The photo on exhibit "was very well received by the parents and students," said Marianne Borgardt, whose daughter, a senior, was a student in Barnes' class. "Clearly the students involved were doing what all thoughtful, challenging teenagers do: dancing close to the defined limits while exercising their artistic muscles."

Borgardt, who with other parents said she has been in contact with Barnes, said when he was approached by administrators, Barnes had suggested using his next class periods to cover photography and the law.

"But this was never allowed to happen," she said.

Borgardt, Ramirez and about a dozen other students and parents, many of them artists themselves, asked for Barnes reinstatement at the Board of Education meeting. 

Superintendent Sandra Lyon said she could not comment on personnel matters.

Santa Monica High Principal Laurel Fretz did not attend the board meeting and did not return a message requesting comment.
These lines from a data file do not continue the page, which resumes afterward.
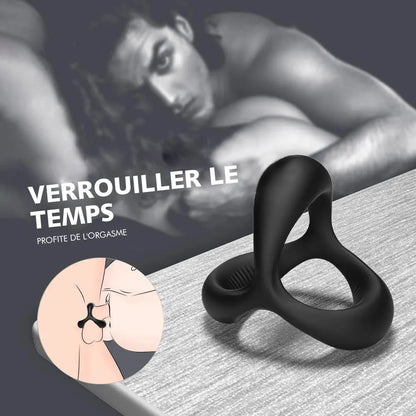 Cockring Anneau de pénis 3 anneaux S-HANDE S-Hande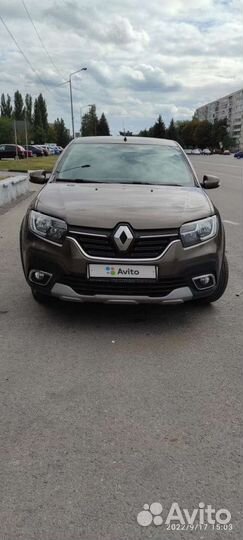 Renault Logan Stepway 1.6 МТ, 2019, 144 000 км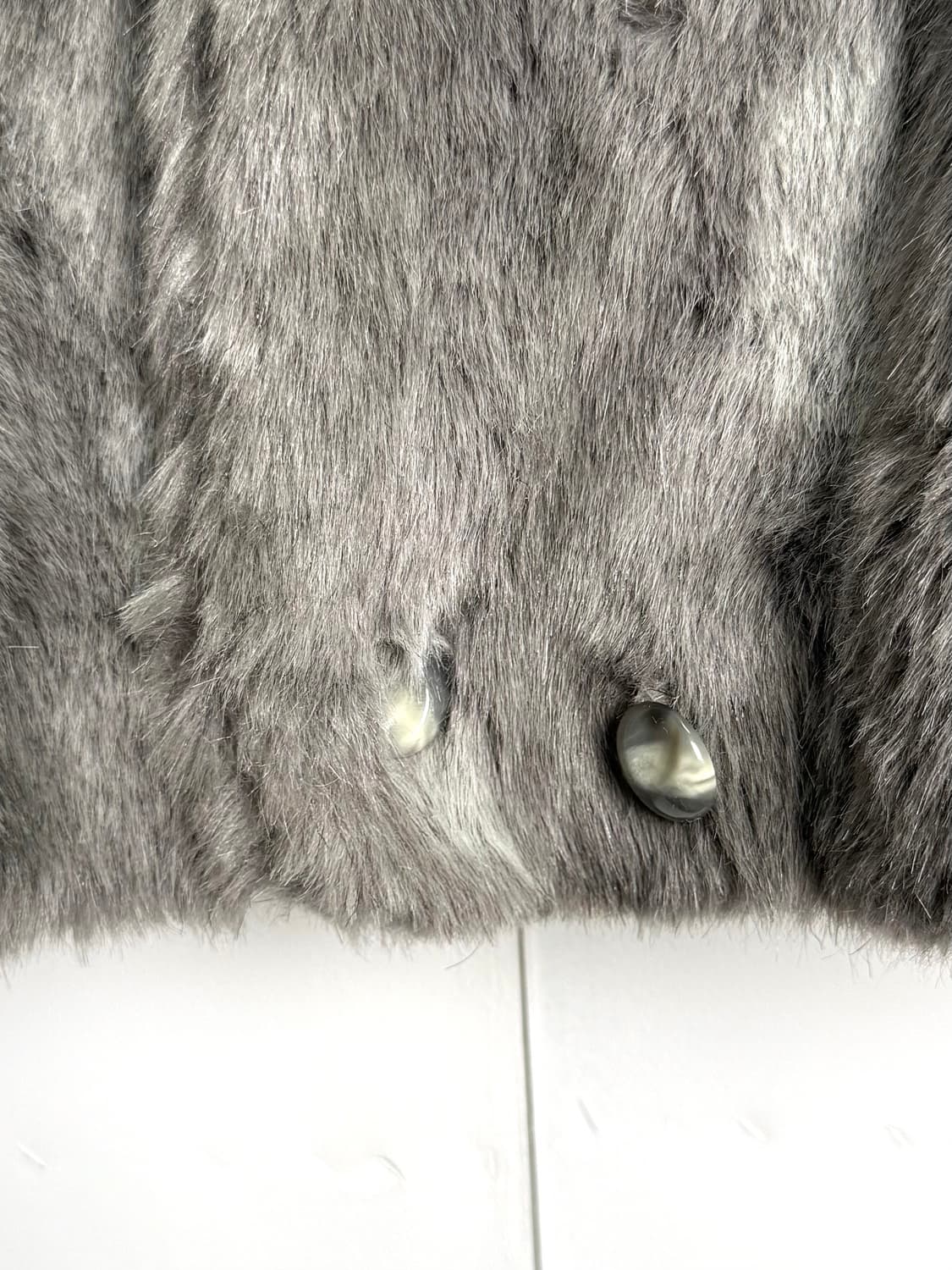 빈티지 아크릴 퍼 자켓 상품이미지3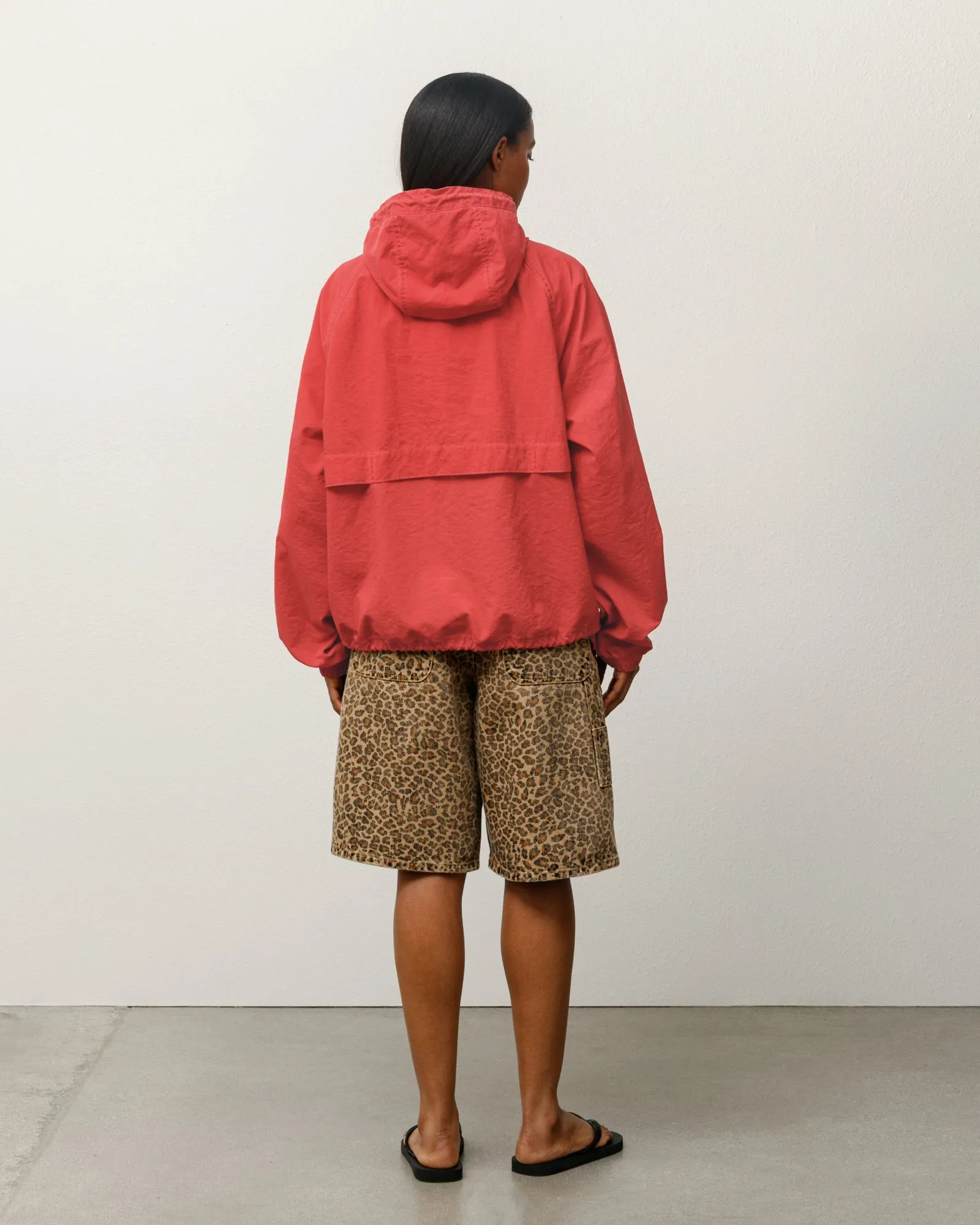 DENIM WORK SHORT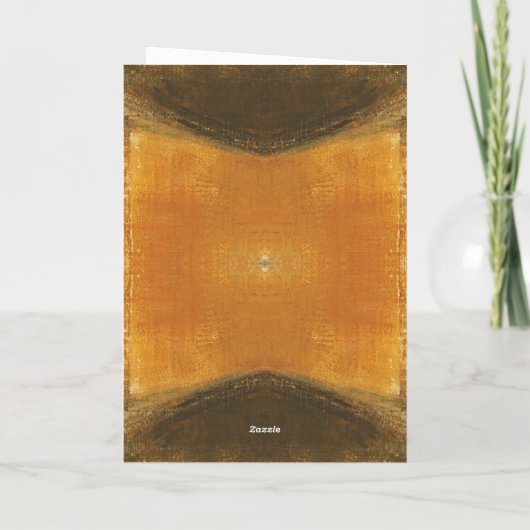 Carte De Remerciements La femme Gipsy, Helene Schjerfbeck (Dos)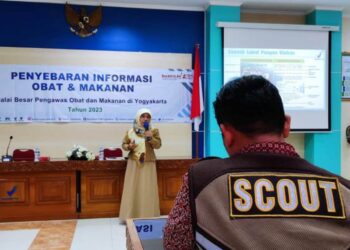 Balai Besar POM di Yogyakarta Undang Perwakilan Kwartir Cabang se-DIY Bahas Teknis Lomba Video ING
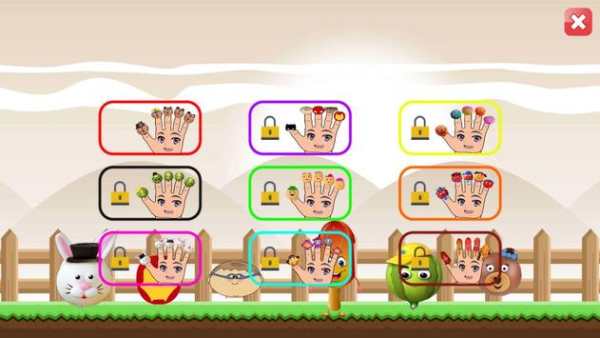 Finger Family Kids Song Game screenshot 2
She told June Stoddard, a parent of twin girls, both seniors, by email on Jan. 24 that she would not discuss the case, but said Barnes' departure would not be reversed.
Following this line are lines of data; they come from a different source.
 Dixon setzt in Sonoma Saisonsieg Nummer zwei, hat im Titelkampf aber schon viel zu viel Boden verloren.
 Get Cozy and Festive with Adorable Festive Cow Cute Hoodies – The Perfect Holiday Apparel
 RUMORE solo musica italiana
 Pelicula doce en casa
"Unfortunately, there is nothing I can share with you regarding this employee’s confidential situation, and there is nothing you can tell me that will change the decisions that have been made regarding the class. In this area, I am going to ask you to trust me," Fretz said.

In a letter to parents of photography students dated Jan. 17, Fretz wrote: "as you may know, we currently have a substitute teacher in photography, as Mr. Barnes has been out... Mr. Barnes has indicated he will not be returning next semester."
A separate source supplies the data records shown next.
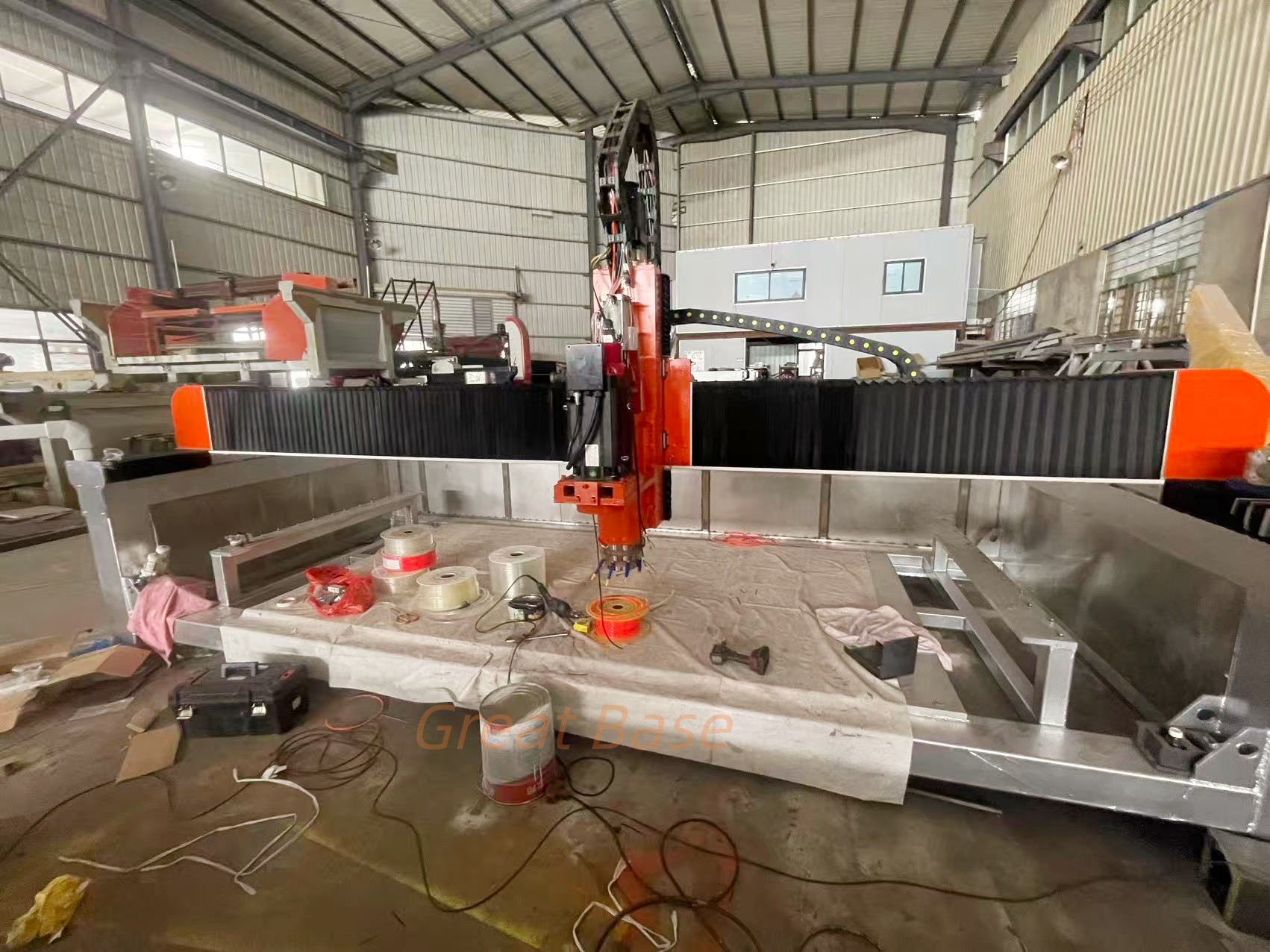 GreatBase GBHW-3 Axis Mini CNC Processing Mahcine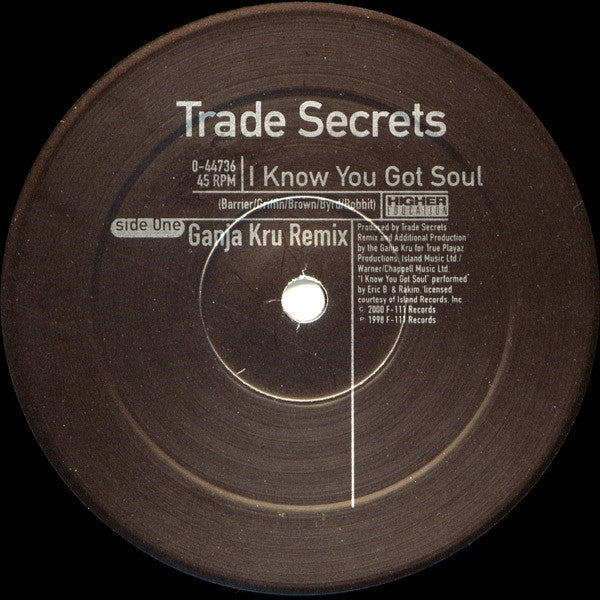 I Know You Got Soul (Remixes)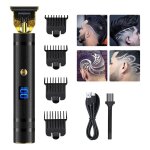 Tondeuse cheveux hommes, tondeuse barbe electriques professionnelle, sans fil tondeuse à cheveux de précision ... Tondeuse cheveux hommes, tondeuse barbe electriques professionnelle, sans fil tondeuse à cheveux de précision ...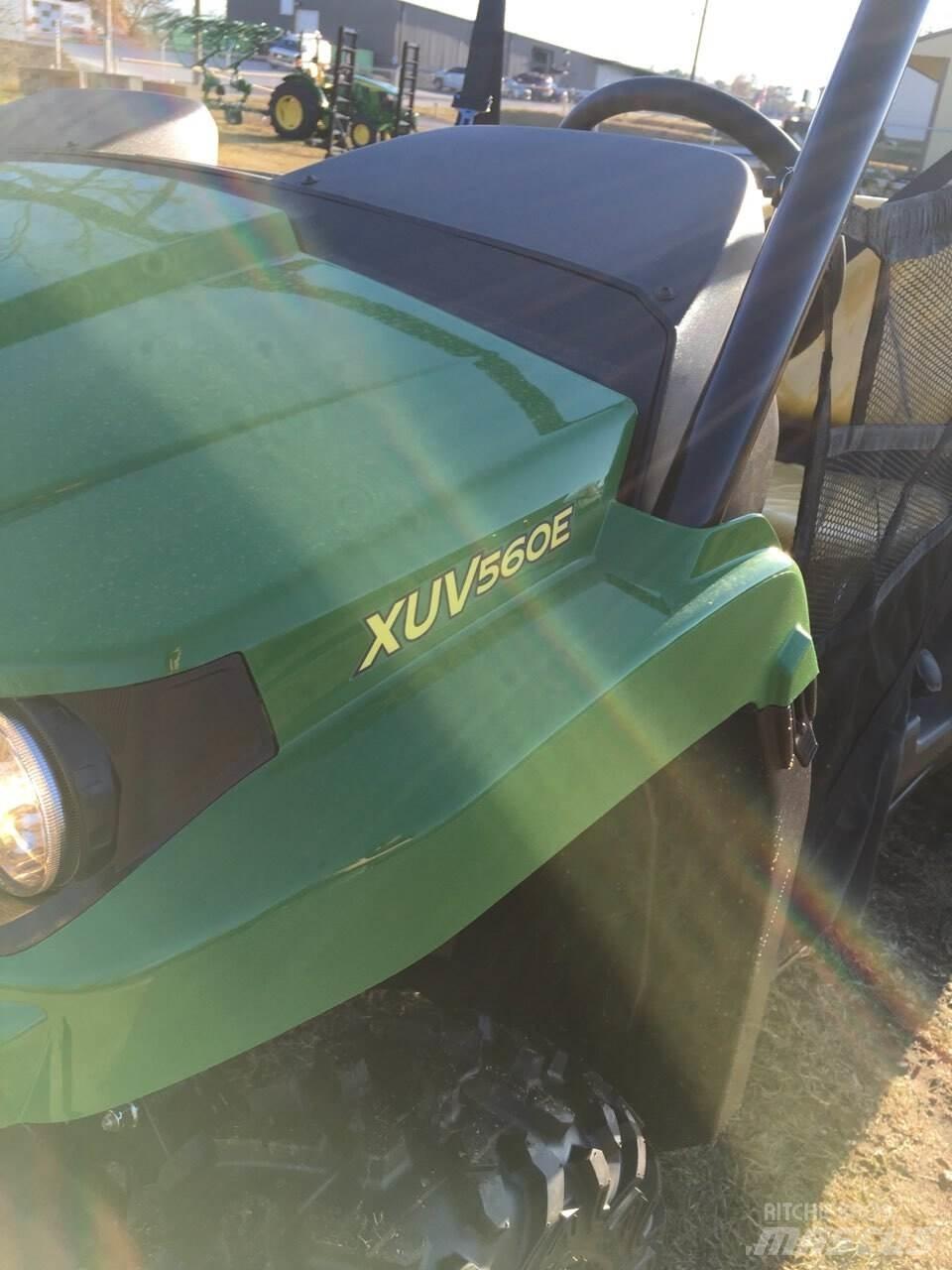 John Deere 560E 全地形车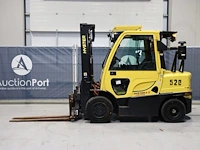Heftruck hyster h4.5fts5 diesel 4340kg 3.4m 2022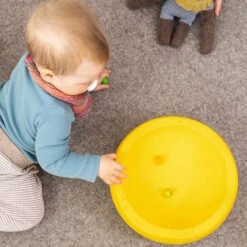 Stapelstein | Stone Yellow -Simple Play Stories Stapelstein Stone Yellow 4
Parent Don Farber said his daughter "was really blossoming in [Barnes'] class until this debacle... This draconian step of firing him is overkill, and the ones suffering are the kids."

Ramirez said she began shooting nude photos about a year ago. "I'm really into the human form and I'm into creepy photos," she said. "I focused on backs, ribs and bones. I never thought they would be taken the wrong way."

Although she asked permission to use the on-campus studio to take the photo of the naked teenage couple hugging, she said Barnes was not aware of the nature of the shoot.

"In part, Mr. Barnes was blamed for not knowing what was going on in the three separate areas of his classroom at all times, a physical impossibility for him or any other teacher," said Borgardt.